Data items:

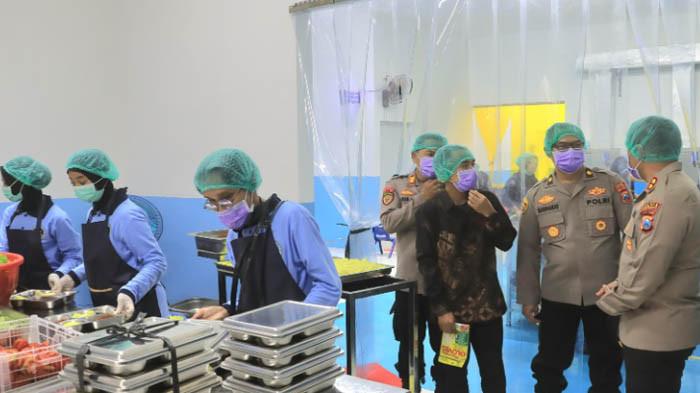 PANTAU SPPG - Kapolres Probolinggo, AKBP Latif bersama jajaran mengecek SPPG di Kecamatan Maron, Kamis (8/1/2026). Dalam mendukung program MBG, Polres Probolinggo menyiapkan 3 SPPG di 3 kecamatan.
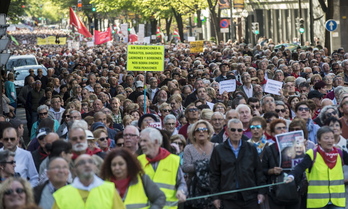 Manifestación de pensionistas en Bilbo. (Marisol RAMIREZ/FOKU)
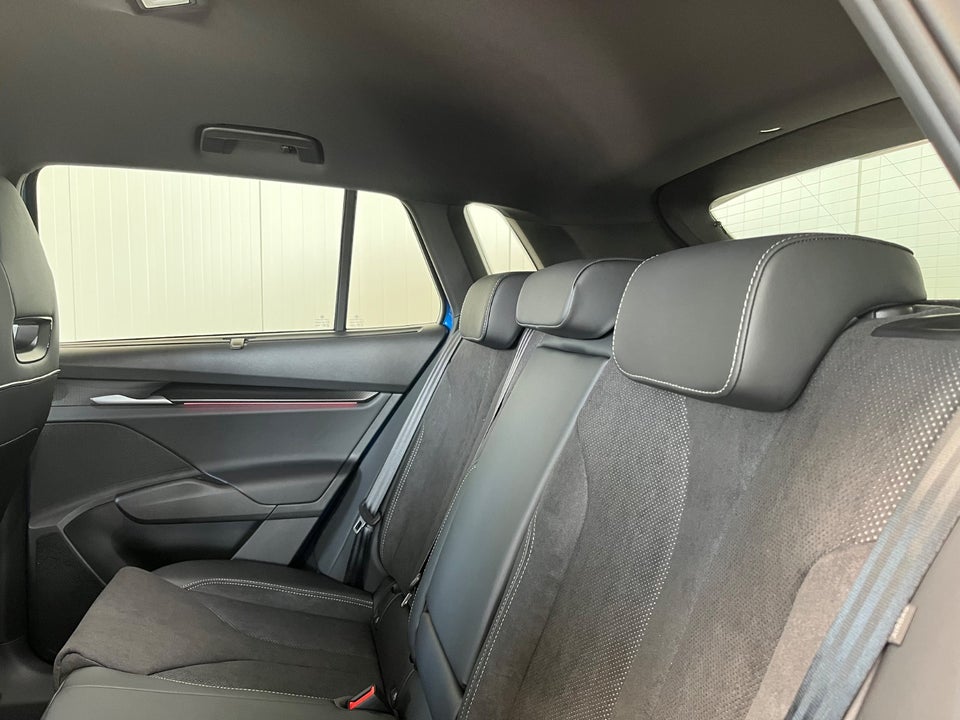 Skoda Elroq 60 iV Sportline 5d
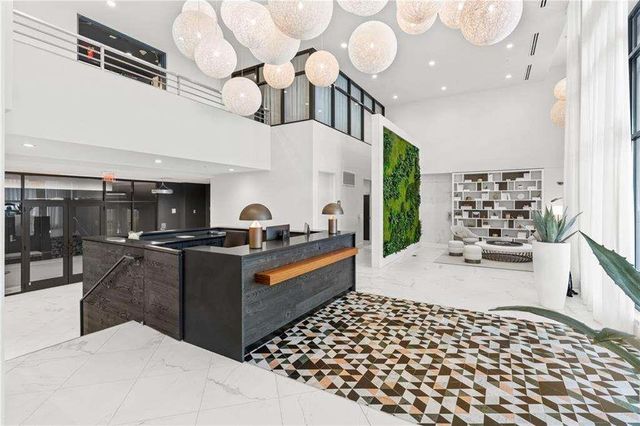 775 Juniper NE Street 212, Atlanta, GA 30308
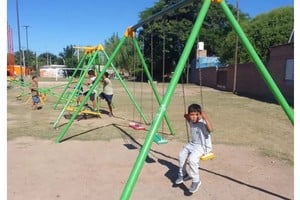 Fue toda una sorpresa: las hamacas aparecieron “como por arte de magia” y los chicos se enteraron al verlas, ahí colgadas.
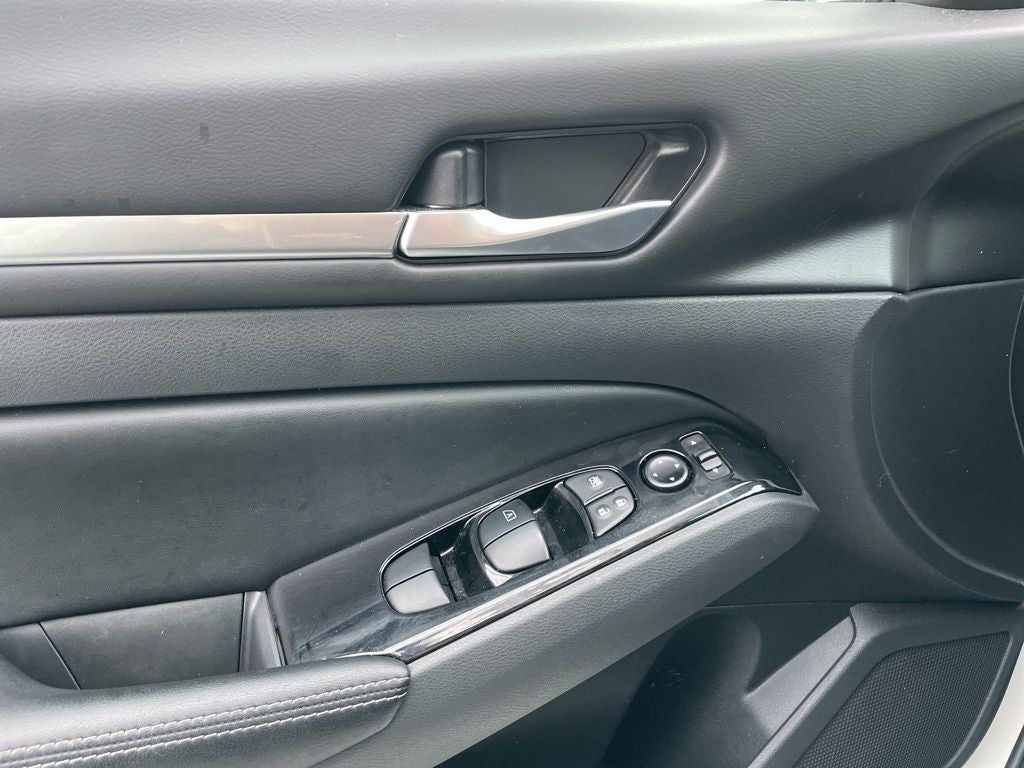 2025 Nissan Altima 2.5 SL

TASK DESCRIPTION: Begin at the line containing "Fue toda una" and stop at the last line of the data. Repeat only those lines, exactly, and leave out the pictures.

ANSWER FOR THE TASK:
 Fue toda una sorpresa: las hamacas aparecieron “como por arte de magia” y los chicos se enteraron al verlas, ahí colgadas.
 2025 Nissan Altima 2.5 SL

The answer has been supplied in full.